Supplied material section start

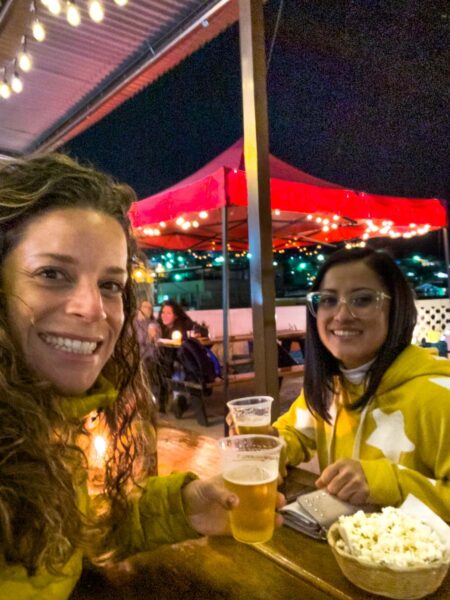 Two women drinking beer and eating popcorn in Xela Guatemala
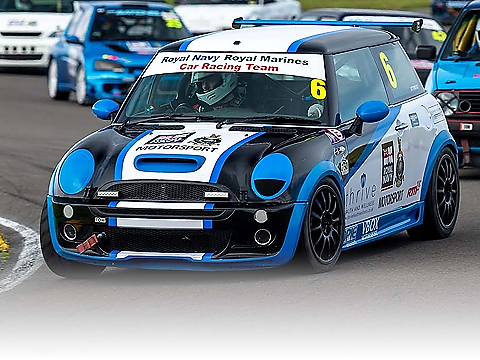 royal navy mini racing car, logoed and liveried in dark blue, white and light blue, taking a right hand turn at speed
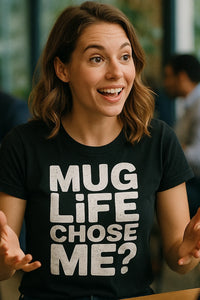 A person with shoulder-length brown hair is smiling and animatedly using their hands. They are wearing a black t-shirt with bold white text. The background is blurred, showing an indoor environment.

Supplied material section end

*Exercise objective*
All lines from the one containing "royal navy mini" to the last line of the data above, both included, should be printed exactly, and the pictures should not appear.

*Answer to this exercise*
 royal navy mini racing car, logoed and liveried in dark blue, white and light blue, taking a right hand turn at speed
 A person with shoulder-length brown hair is smiling and animatedly using their hands. They are wearing a black t-shirt with bold white text. The background is blurred, showing an indoor environment.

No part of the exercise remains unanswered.